2008-05-06

Afinal, por onde andam os vampiros?

Chegou mensagem por correio electrónico que levanta perplexidade. Intitulada "Os Vampiros do Século XXI", afirma o seguinte:

«A Caixa Geral de Depósitos (CGD) está a enviar aos seus clientes mais modestos uma circular que deveria fazer corar de vergonha os administradores - principescamente pagos - daquela instituição bancária. A carta da CGD começa, como mandam as boas regras de marketing, por reafirmar o empenho do Banco em oferecer aos seus clientes as melhores condições de preço/qualidade em toda a gama de prestação de serviços, incluindo no que respeita a despesas de manutenção nas contas à ordem. As palavras de circunstância não chegam sequer a suscitar qualquer tipo de ilusões, dado que após novo parágrafo sobre racionalização e eficiência da gestão de contas, o estimado/a cliente é confrontado com a informação de que, para continuar a usufruir da isenção da comissão de despesas demanutenção, terá de ter em cada trimestre um saldo médio superior a EUR1000, ter crédito de vencimento ou ter aplicações financeiras associadas à respectiva conta. Ora sucede que muitas contas da CGD, designadamente de pensionistas e reformados, são abertas por imposição legal. É o caso de um reformado por invalidez e quase septuagenário, que sobrevive com uma pensão de EUR243,45 - que para ter direito ao piedoso subsídio diário de EUR 7,57 (sete euros e cinquenta e sete cêntimos!) foi forçado a abrir conta na CGD por determinação expressa da Segurança Social para receber a reforma. Como se compreende, casos como este - e muitos são os portugueses que vivem abaixo ou no limiar da pobreza - não podem, de todo, preencher os requisitos impostos pela CGD e tão pouco dar-se ao luxo de pagar despesas de manutenção de uma conta que foram constrangidos a abrir para acolher a sua miséria. O mais escandaloso é que seja justamente uma instituição bancária que ano após ano apresenta lucros fabulosos e que aposenta os seus administradores, mesmo quando efémeros, com «obscenas» pensões (para citar Bagão Félix), a vir exigir a quem mal consegue sobreviver que contribua para engordar os seus lautos proventos. É sem dúvida uma situação ridícula e vergonhosa, como lhe chama o nosso leitor, mas as palavras sabem a pouco quando se trata de denunciar tamanha indignidade. Esta é a face brutal do capitalismo selvagem que nos servem sob a capa da democracia, em que até a esmola paga taxa. Sem respeito pela dignidade humana e sem qualquer resquício de decência, com o único objectivo de acumular mais e mais lucros, eis os administradores de sucesso. Medita e divulga. Mas divulga mesmo por favor.»

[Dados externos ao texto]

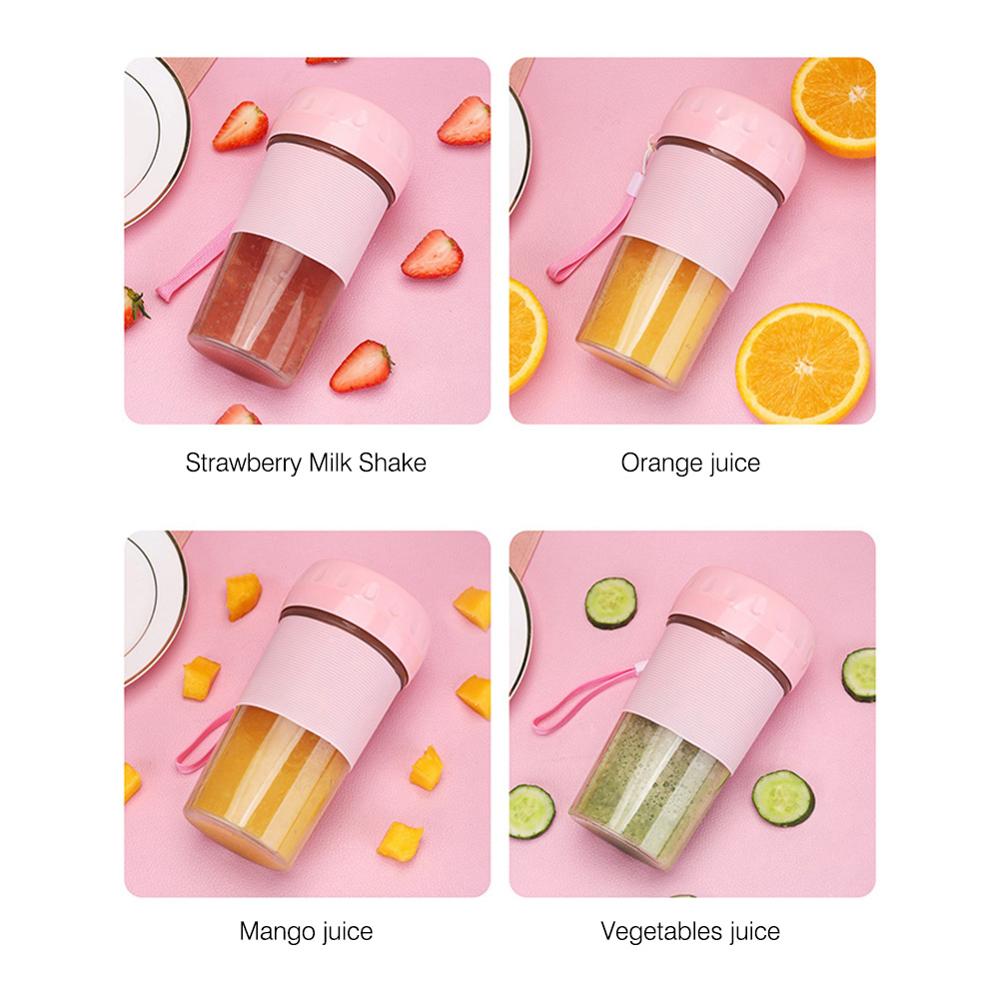 300ML Portable Blender Electric USB Rechargeable Smoothie Blender Machine Mini Juice Cup Maker Lemon Squeezer kitchen Gadgets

À parte o facto deste tipo de debates chegar a Portugal com alguns anos de atraso em relação a outros países e aqui cair geralmente no esquecimento ou no debate de pacotilha, a perplexidade maior resulta não tanto dos argumentos avançados pelo autor da mensagem, mas pelo facto de estarmos perante um banco estatal, por sinal o maior do sector em Portugal, com actividade "sui generis". De facto, se elencarmos as operações financeiras e decisões empresariais tomadas pela CGD, situações como as pensões "obscenas" ou ordenados "principescos" dos administradores não passam de meros "peanuts". São, pois, amendoins que desviam a atenção das operações e negócios em que a CGD anda metida. Daí que exemplos como os apontados reforcem a necessidade de privatização da CGD. Ao Estado deve caber-lhe o exercício da regulação do negócio bancário e não a sua execução. E se o fizer devidamente deve precaver normas que limitem a qualquer operador comportamentos como o descrito, tão mais lamentáveis numa época em que a responsabilidade social das empresas anda na boca de tantos gestores (e até académicos). Ora, se o Estado veste em simultâneo a camisola de regulador e operador, como haverá de ter condições para regular?